» Instructions to follow: A full, word-for-word copy of the listing below is needed; leave the images out of it.

== Segment start ==

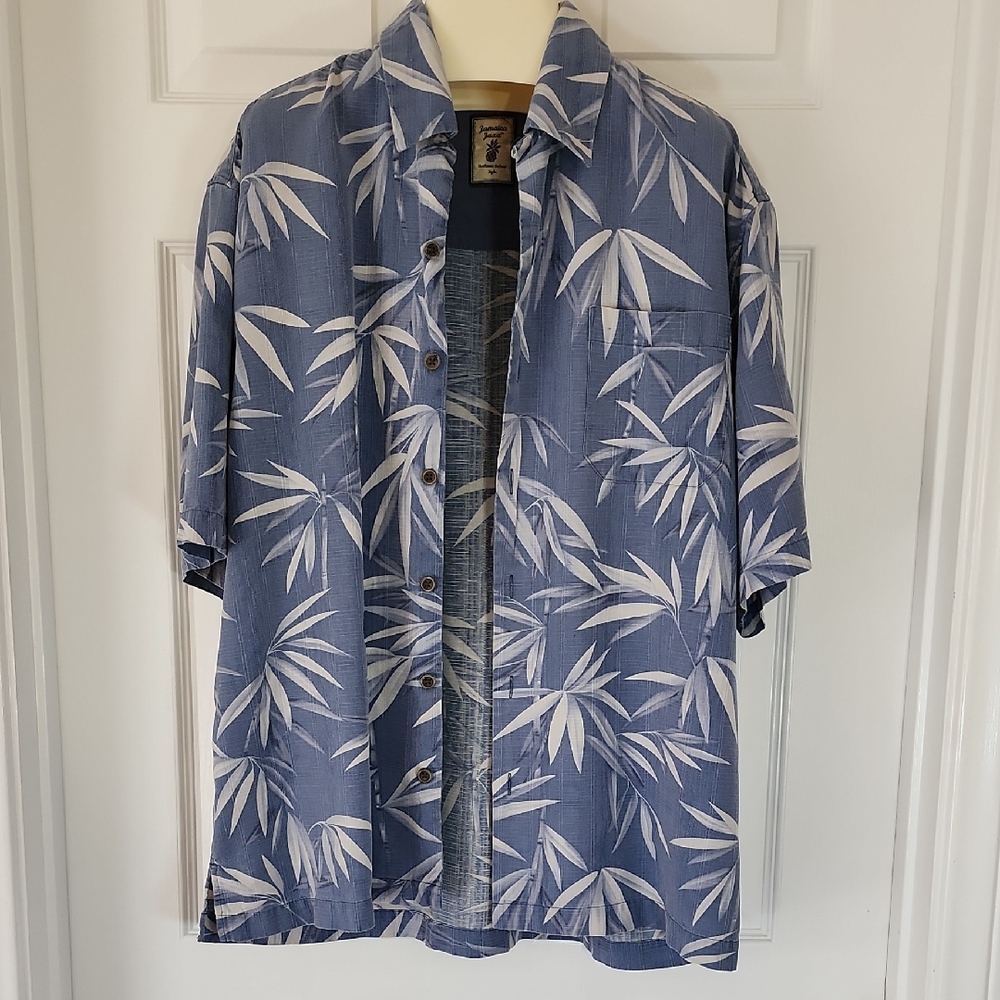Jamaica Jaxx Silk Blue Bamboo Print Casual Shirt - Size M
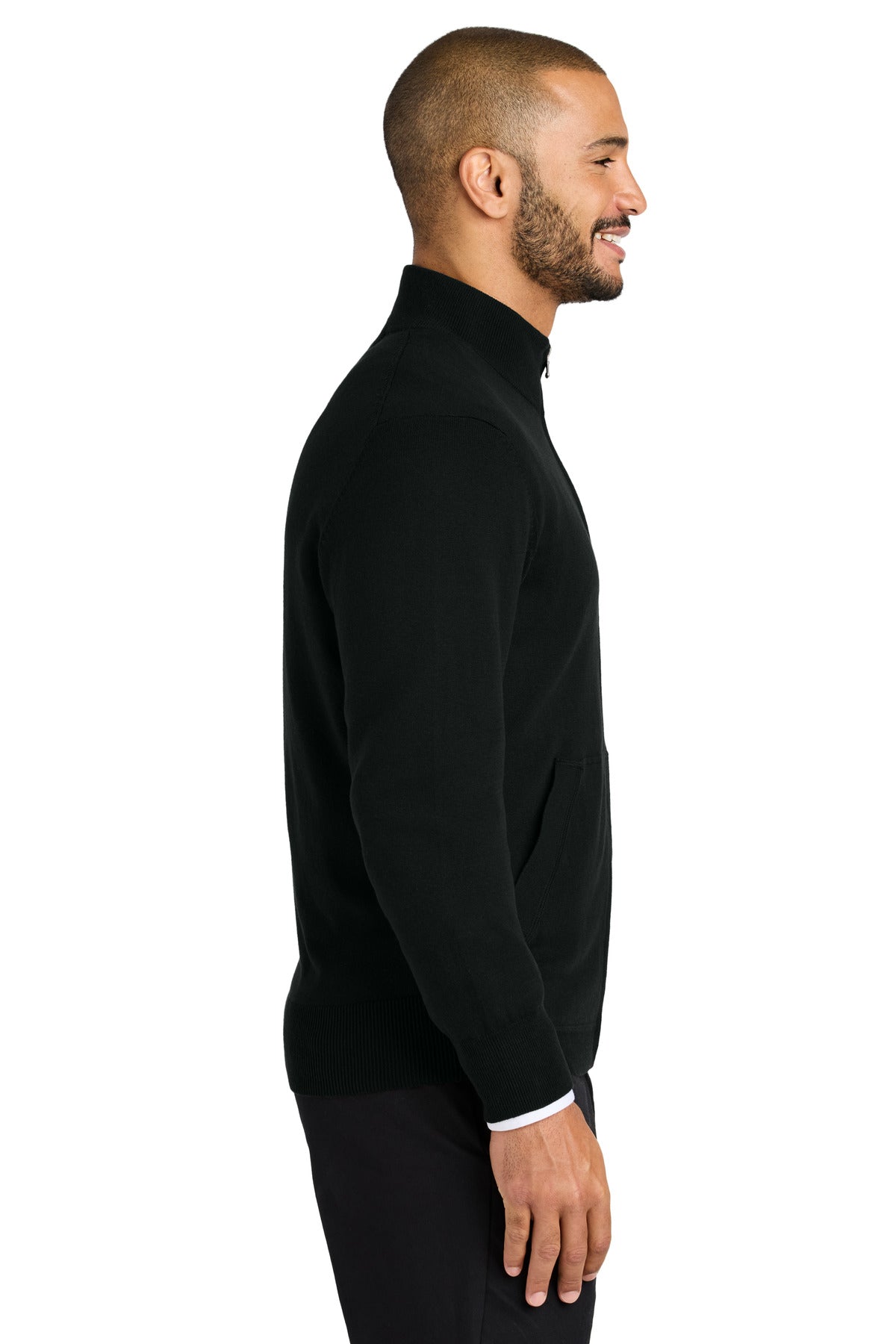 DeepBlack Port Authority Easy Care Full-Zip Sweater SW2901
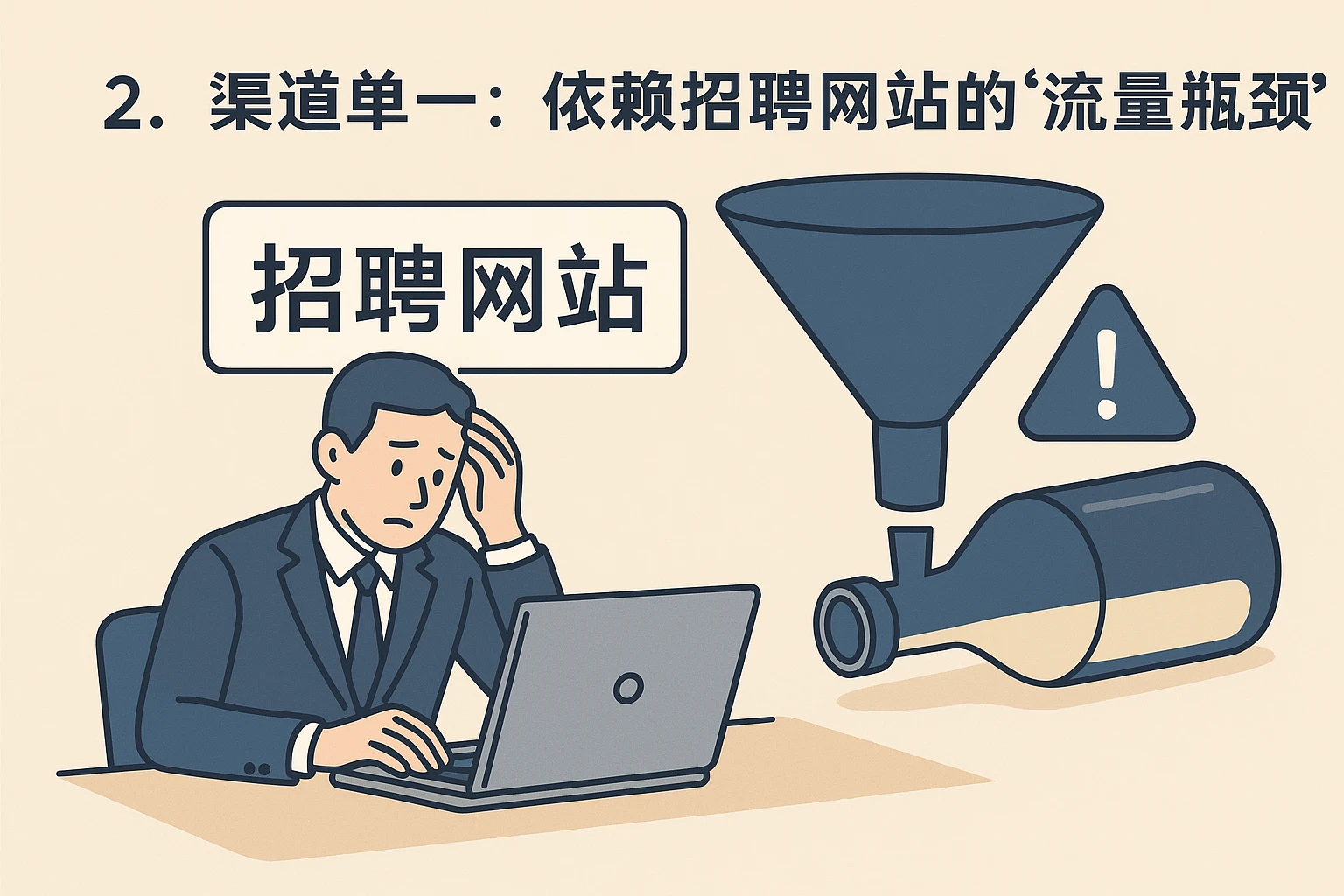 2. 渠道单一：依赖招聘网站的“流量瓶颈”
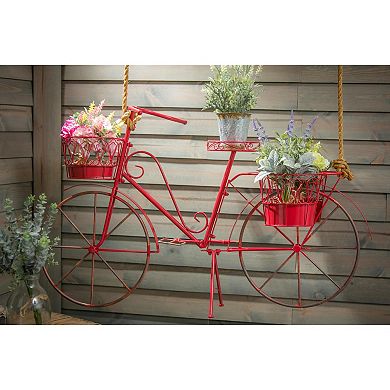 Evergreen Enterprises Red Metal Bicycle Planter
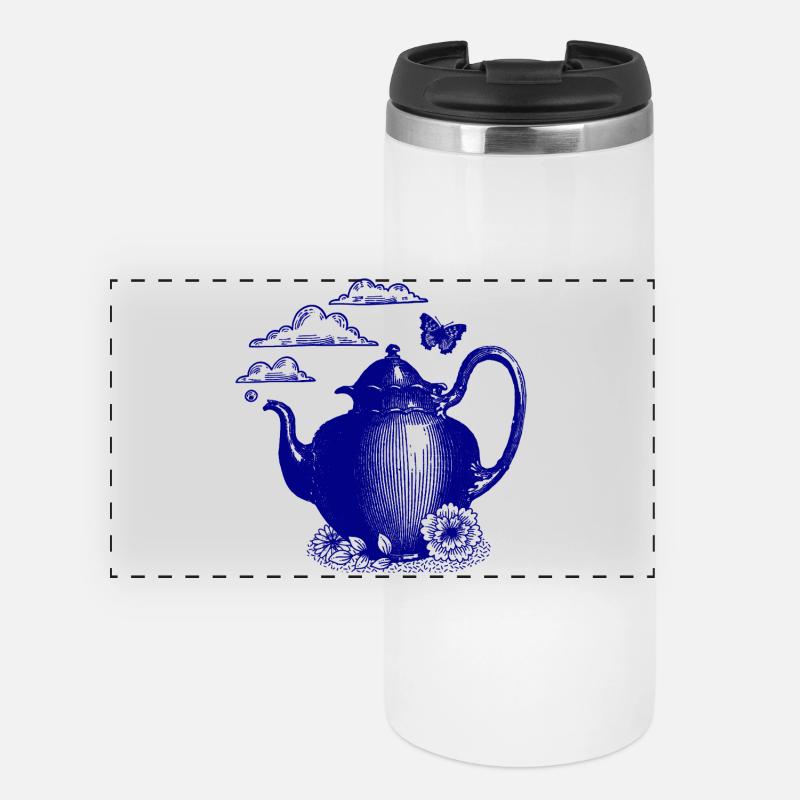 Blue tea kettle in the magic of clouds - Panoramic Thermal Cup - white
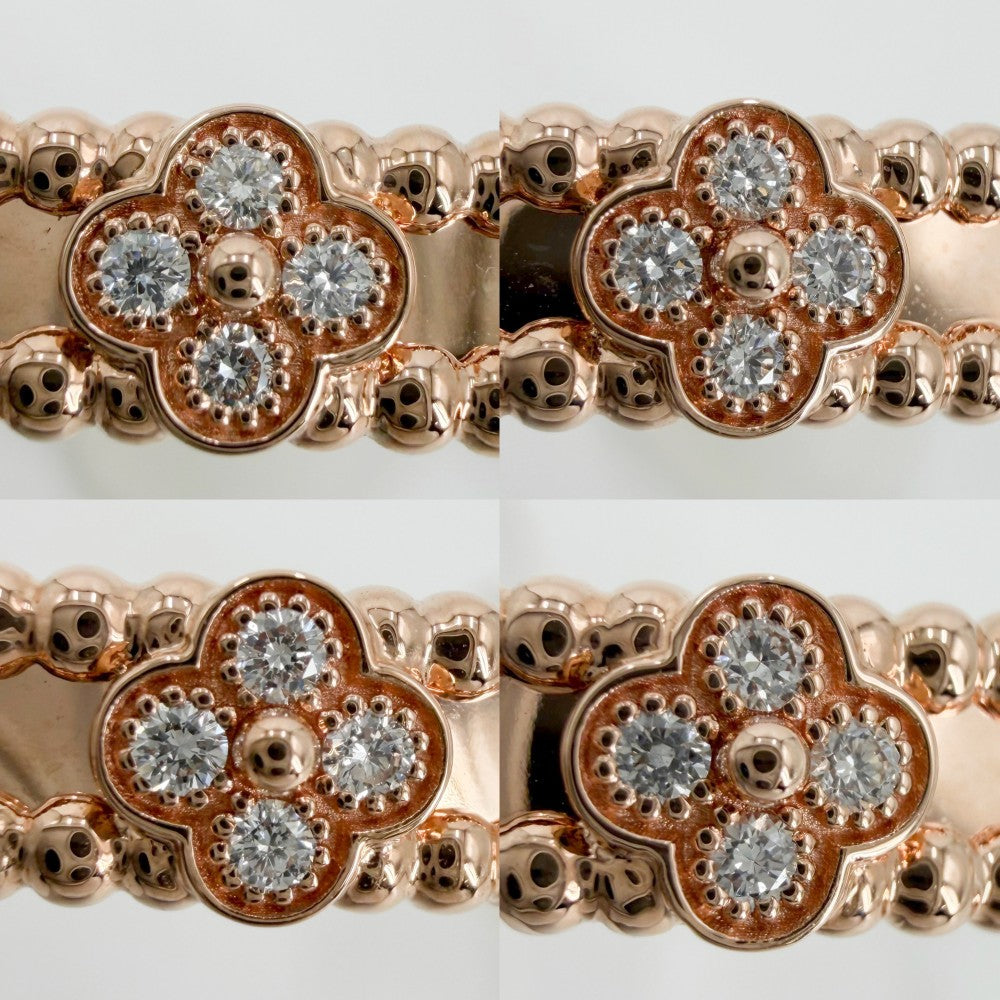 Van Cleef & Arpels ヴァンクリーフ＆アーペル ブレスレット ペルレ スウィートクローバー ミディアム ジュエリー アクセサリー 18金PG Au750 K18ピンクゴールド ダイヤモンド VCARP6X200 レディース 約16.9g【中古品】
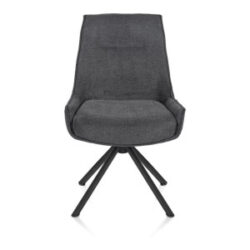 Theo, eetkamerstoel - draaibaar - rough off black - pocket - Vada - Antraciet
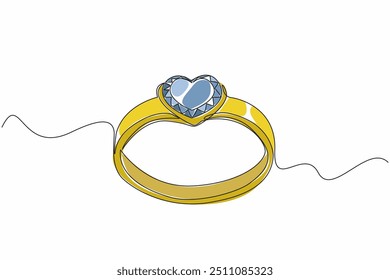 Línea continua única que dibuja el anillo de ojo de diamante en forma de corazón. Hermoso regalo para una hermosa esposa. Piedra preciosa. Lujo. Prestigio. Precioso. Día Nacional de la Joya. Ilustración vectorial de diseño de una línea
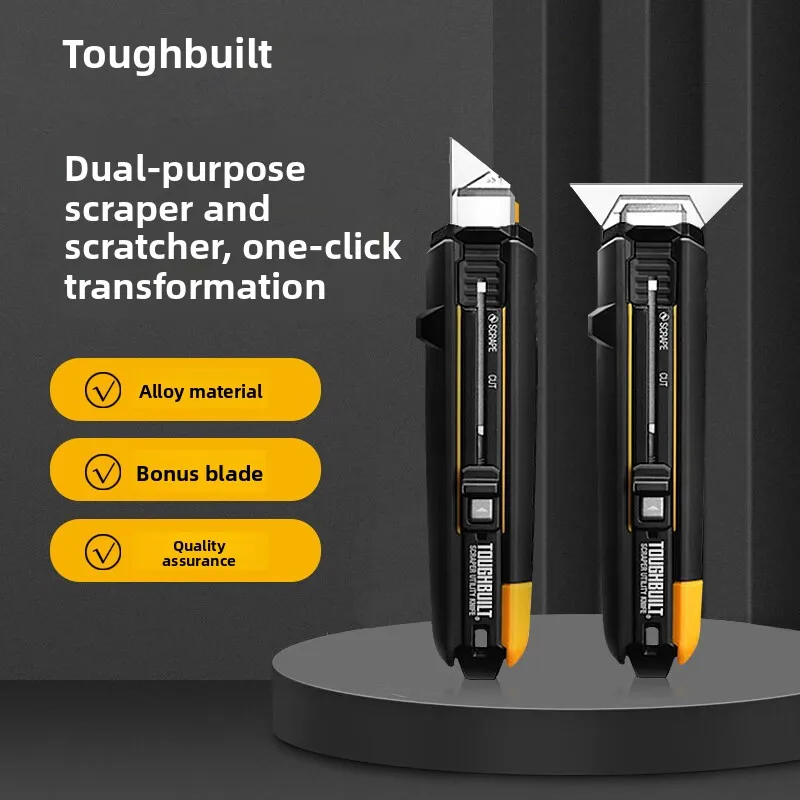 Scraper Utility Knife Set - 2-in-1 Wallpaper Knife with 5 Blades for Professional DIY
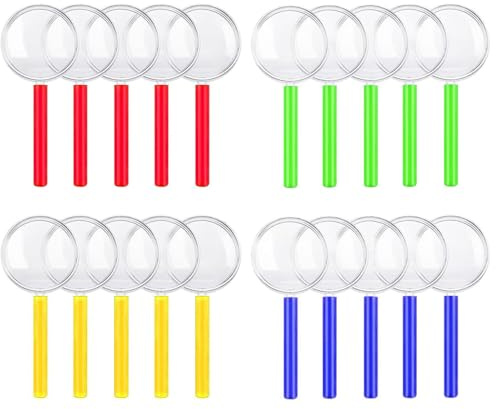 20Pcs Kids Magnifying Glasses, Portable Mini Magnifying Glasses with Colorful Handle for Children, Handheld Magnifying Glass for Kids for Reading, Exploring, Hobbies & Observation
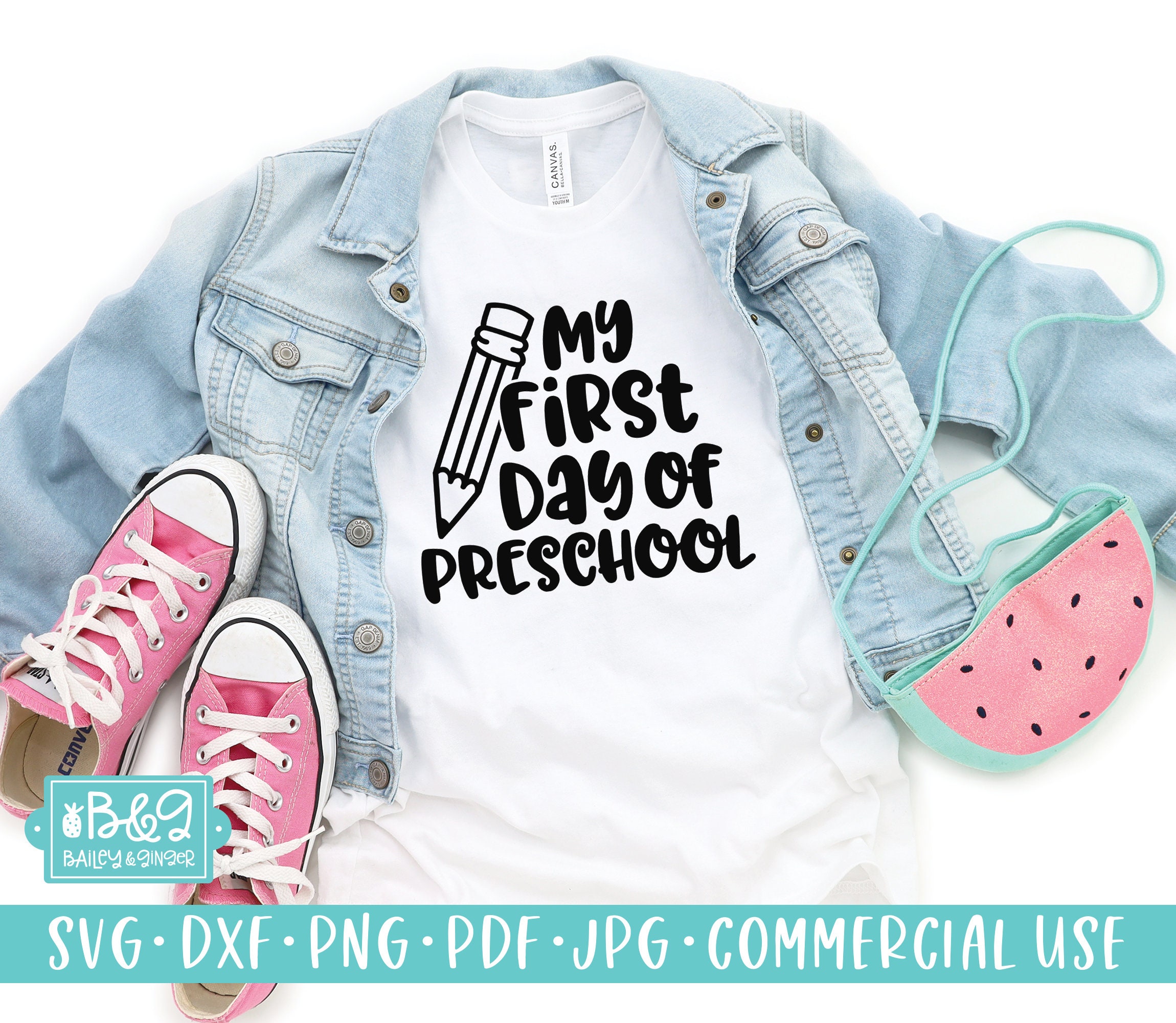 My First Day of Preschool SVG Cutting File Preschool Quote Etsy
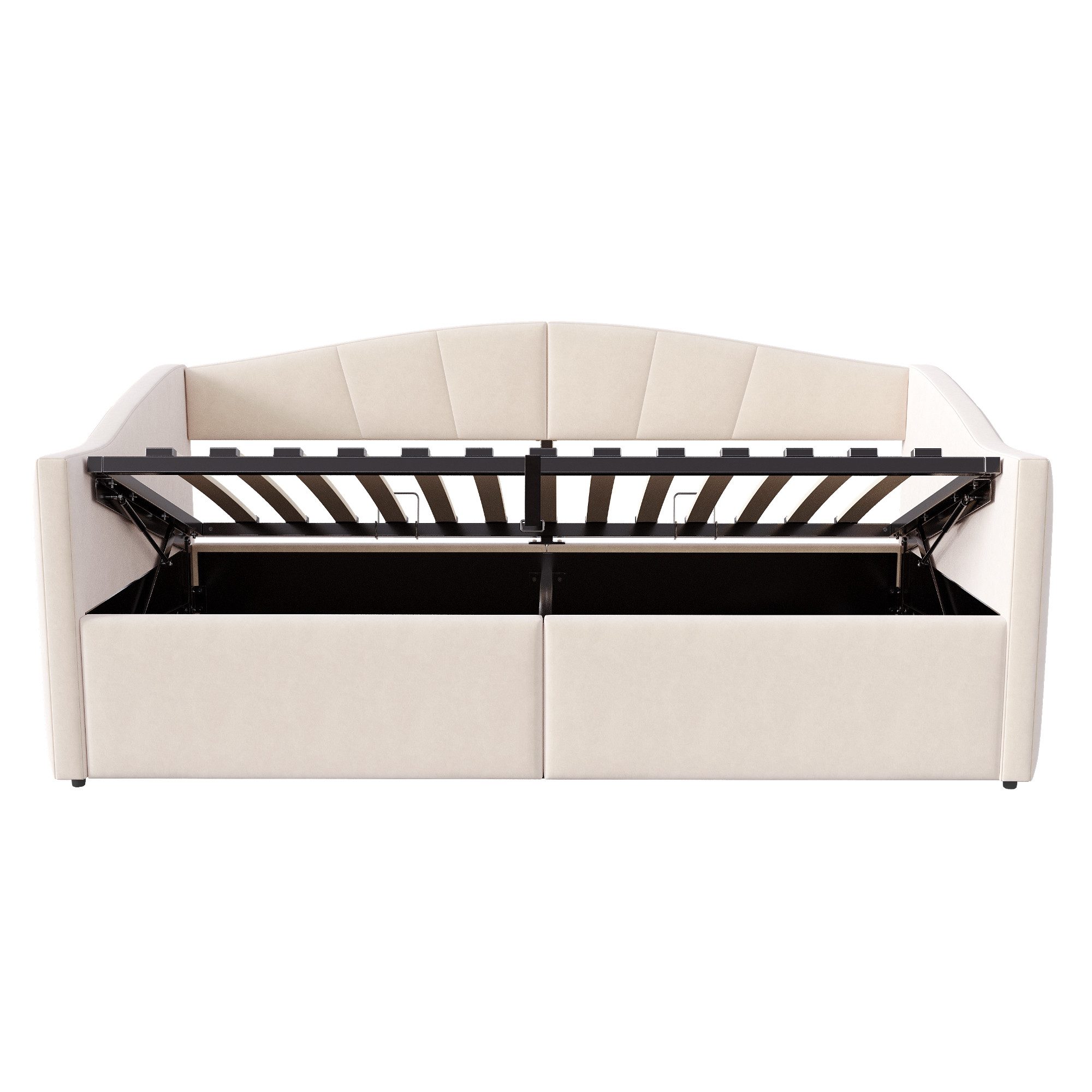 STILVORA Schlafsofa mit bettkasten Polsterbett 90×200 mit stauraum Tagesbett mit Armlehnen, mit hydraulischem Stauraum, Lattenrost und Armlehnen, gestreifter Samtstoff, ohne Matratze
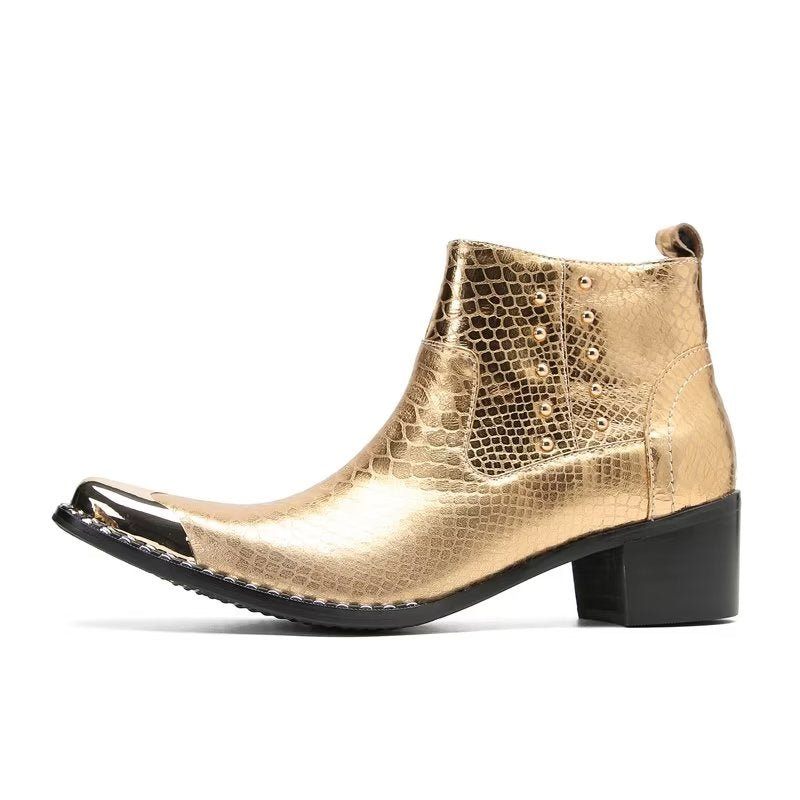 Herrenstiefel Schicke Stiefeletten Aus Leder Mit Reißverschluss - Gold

== Segment end ==

» Exercise result:
Jamaica Jaxx Silk Blue Bamboo Print Casual Shirt - Size M
 DeepBlack Port Authority Easy Care Full-Zip Sweater SW2901
 2. 渠道单一：依赖招聘网站的“流量瓶颈”
 Evergreen Enterprises Red Metal Bicycle Planter
 Blue tea kettle in the magic of clouds - Panoramic Thermal Cup - white
 Van Cleef & Arpels ヴァンクリーフ＆アーペル ブレスレット ペルレ スウィートクローバー ミディアム ジュエリー アクセサリー 18金PG Au750 K18ピンクゴールド ダイヤモンド VCARP6X200 レディース 約16.9g【中古品】
 Theo, eetkamerstoel - draaibaar - rough off black - pocket - Vada - Antraciet
 Línea continua única que dibuja el anillo de ojo de diamante en forma de corazón. Hermoso regalo para una hermosa esposa. Piedra preciosa. Lujo. Prestigio. Precioso. Día Nacional de la Joya. Ilustración vectorial de diseño de una línea
 Scraper Utility Knife Set - 2-in-1 Wallpaper Knife with 5 Blades for Professional DIY
 20Pcs Kids Magnifying Glasses, Portable Mini Magnifying Glasses with Colorful Handle for Children, Handheld Magnifying Glass for Kids for Reading, Exploring, Hobbies & Observation
 My First Day of Preschool SVG Cutting File Preschool Quote Etsy
 STILVORA Schlafsofa mit bettkasten Polsterbett 90×200 mit stauraum Tagesbett mit Armlehnen, mit hydraulischem Stauraum, Lattenrost und Armlehnen, gestreifter Samtstoff, ohne Matratze
 Herrenstiefel Schicke Stiefeletten Aus Leder Mit Reißverschluss - Gold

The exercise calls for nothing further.